### WHAT TO DO
Below are the records; extract from them the line containing "Dischi in vinile: Duran" to the line containing "Sam Palladio UK", both lines included, exactly and with no pictures.

### RECORDS FOR PROCESSING

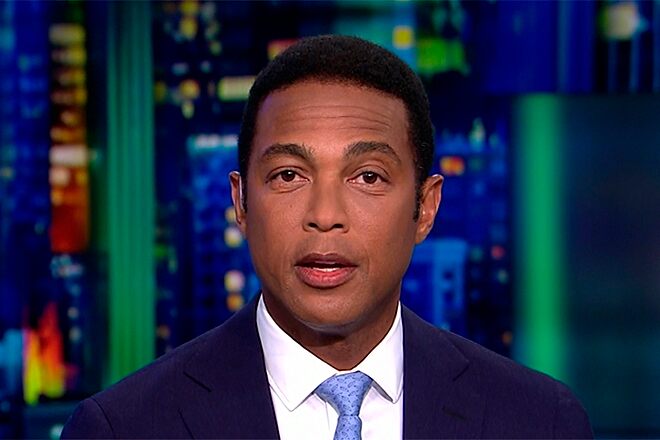 The host of “CNN Tonight”Don Lemon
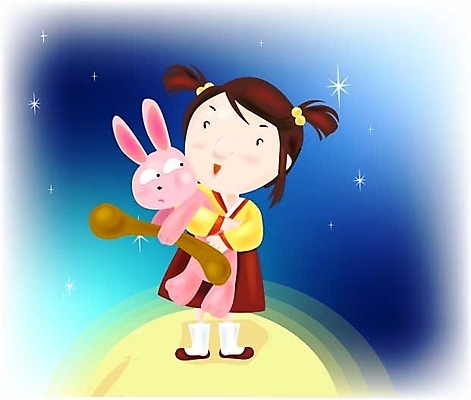 EPS 전통 여자 명절 아시아 초등학생 어린이 일러스트 상상 한명 사람 소녀 추석 보름달 달밤 토끼 한복 절구 토끼인형 여자만 여자한명만 어린이만 소녀만 소녀한명만 국내일러스트 1 학생 한국전통 기념일 나라 인형 포유류 반려동물 달 도구 전통의상 파일형식 벡터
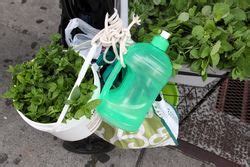 Eating In Translation: Itinerant herb vendor's pushcart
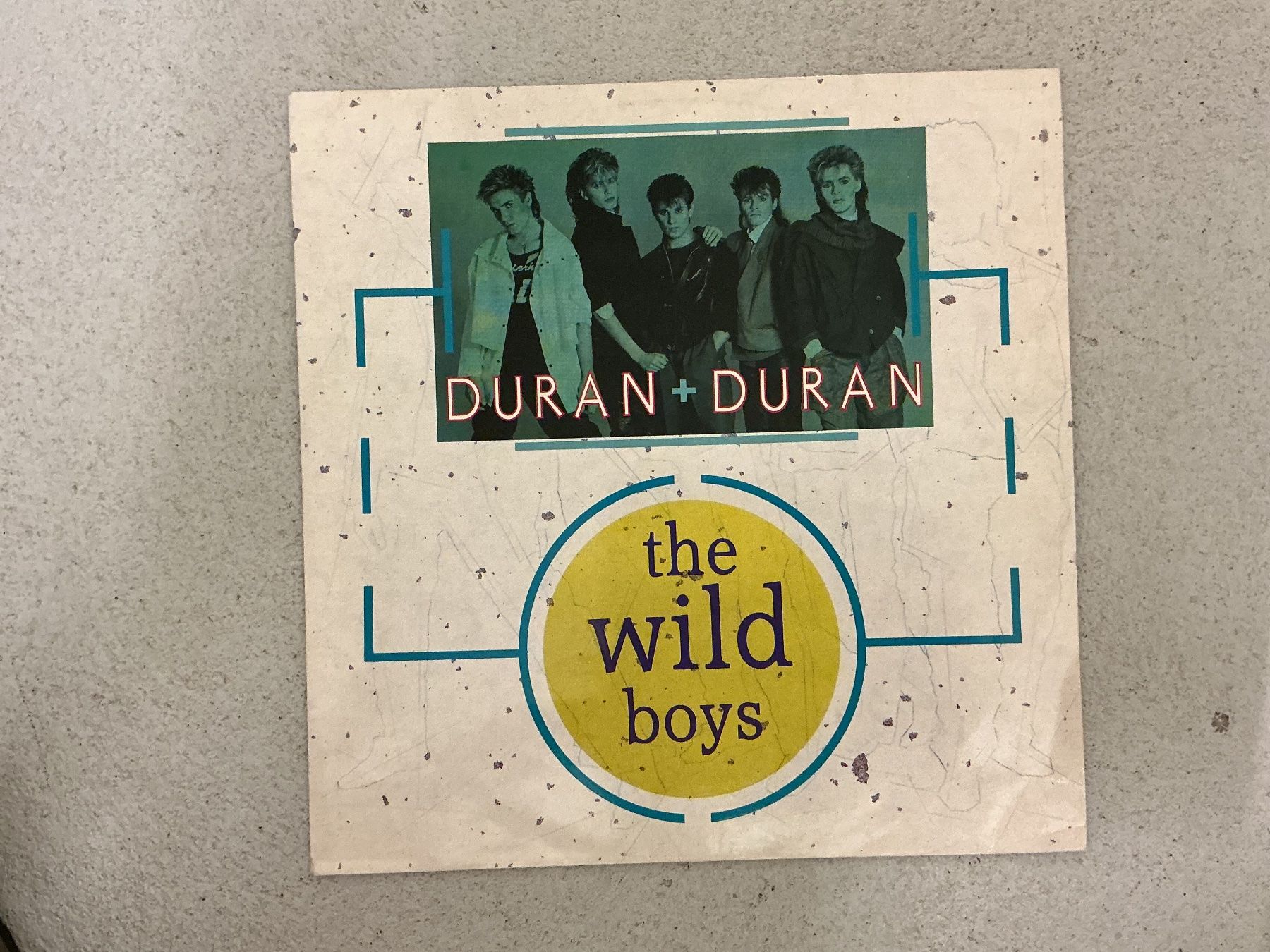 Dischi in vinile: Duran Duran Maxi-Single - The Wild Boys – Usato da Winterthur venduto da Tumko_7_Vinyl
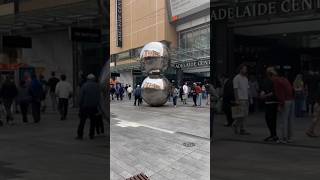 RUNDLE MALL Adelaide Walking tour 4k shorts rundlemall adelaide studyinaustralia australia [upl. by Warp748]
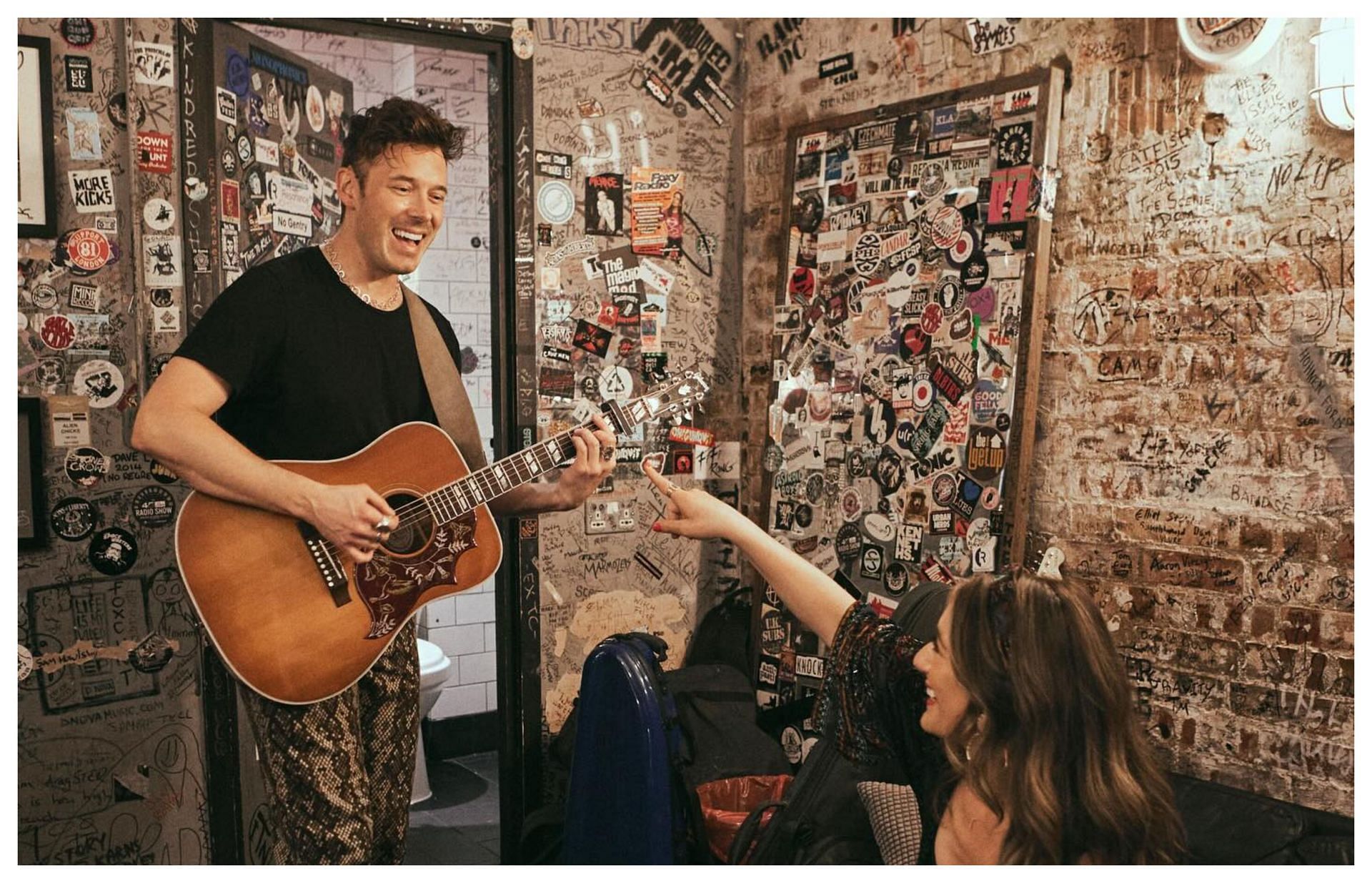 Sam Palladio UK headline tour 2024:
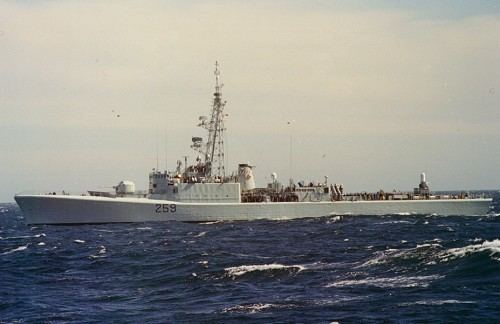 HMCS Terra Nova HMCS TERRA NOVA Ships of the Canadian Navy
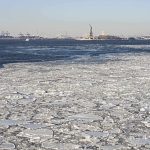 Bitter cold grips eastern US as ice forms on rivers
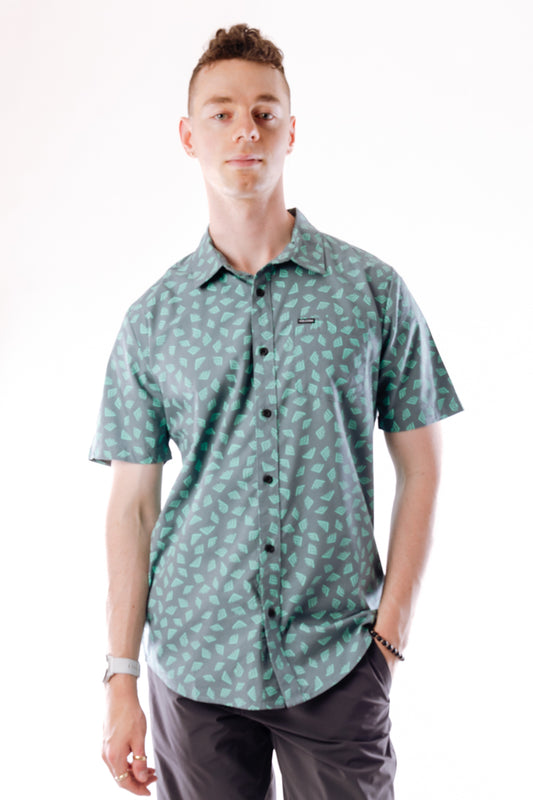 Interstone Short Sleeve Shirt - SVB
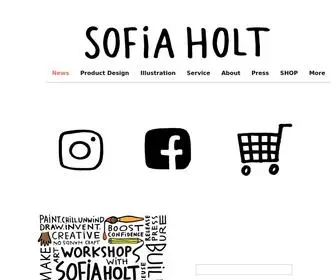 Sofiaholt.com(News) Screenshot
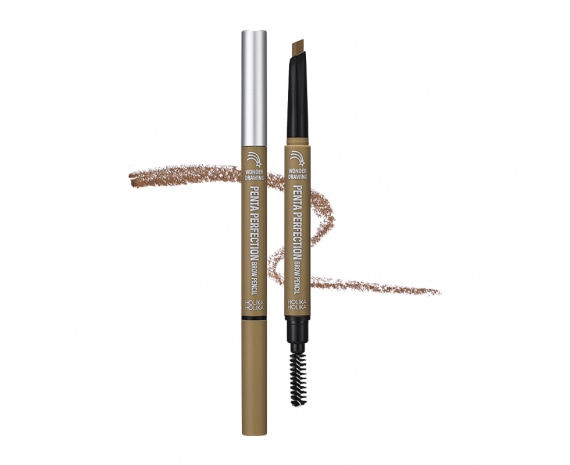 Карандаш для бровей Wonder Drawing Penta Perfection Brow Pencil 04 Light Brown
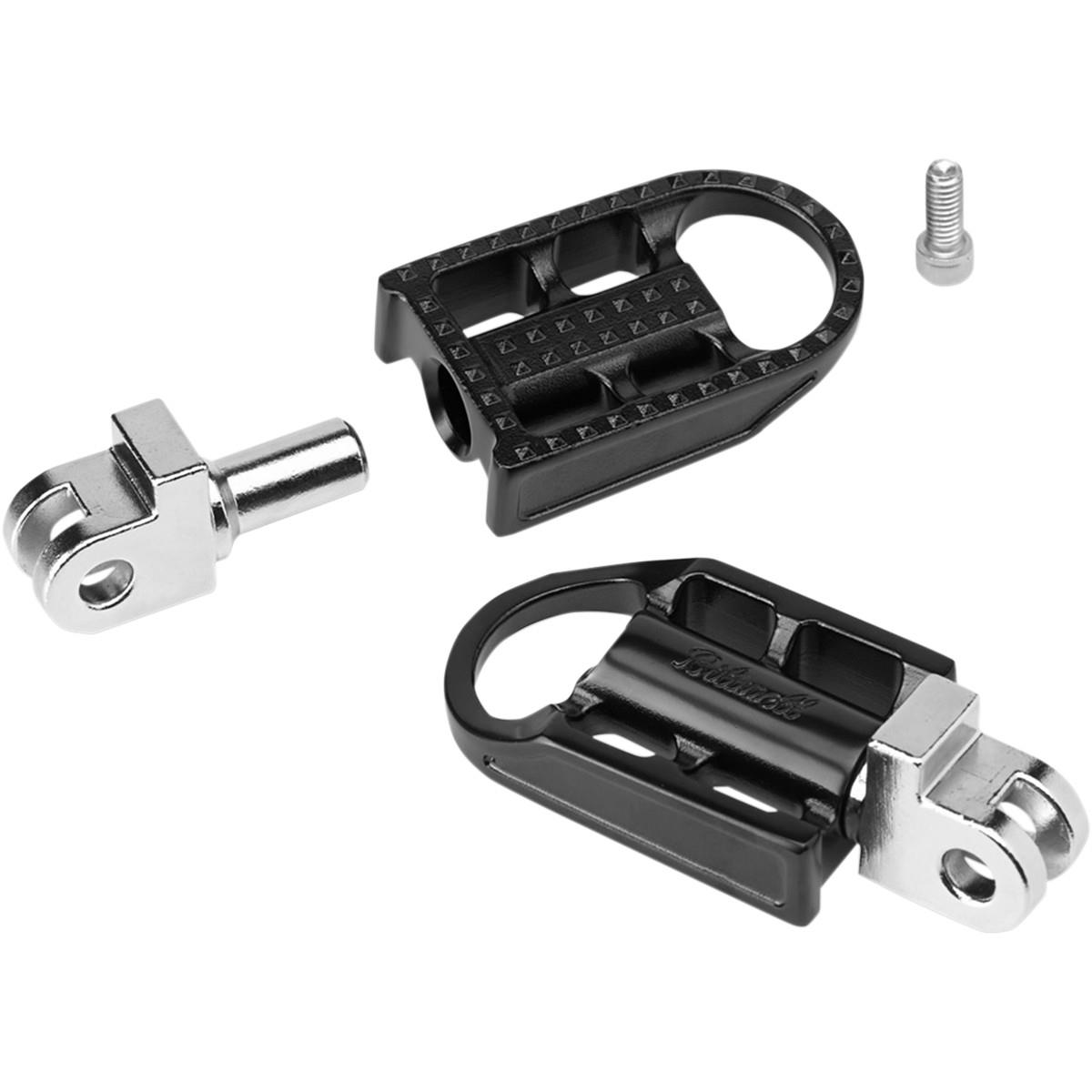 Mushman Footpegs - Black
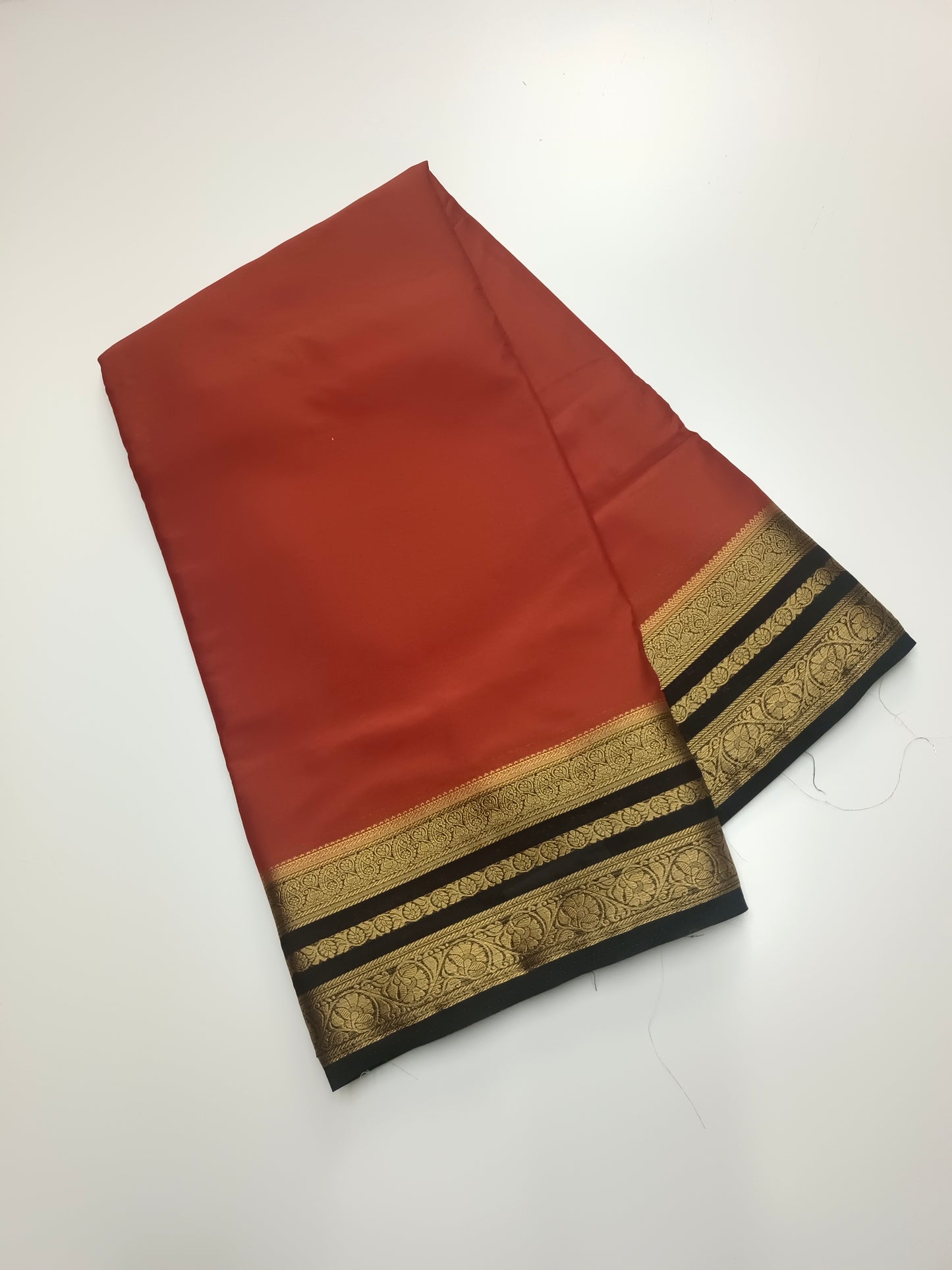 SEMI CREPE SILK SAREE
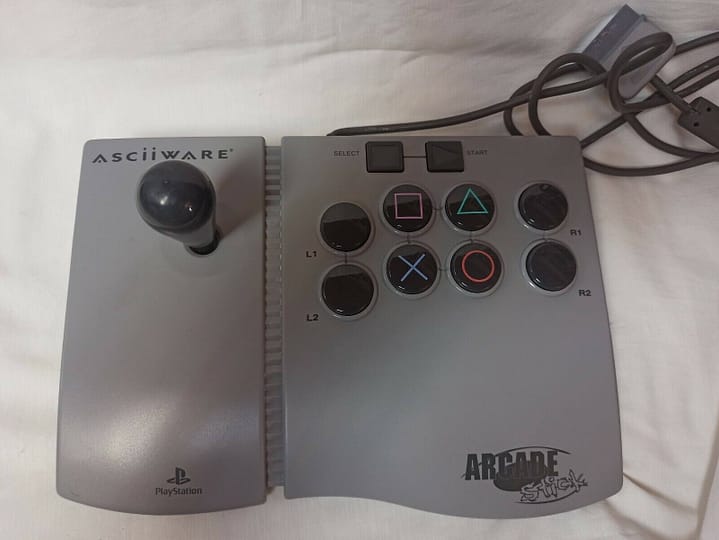 Mando Arcade para  PLAYSTATION 2  como nuevo con caja(148)) - Imagen 3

### RESULT BELOW
 Dischi in vinile: Duran Duran Maxi-Single - The Wild Boys – Usato da Winterthur venduto da Tumko_7_Vinyl
 RUNDLE MALL Adelaide Walking tour 4k shorts rundlemall adelaide studyinaustralia australia [upl. by Warp748]
 Sam Palladio UK headline tour 2024:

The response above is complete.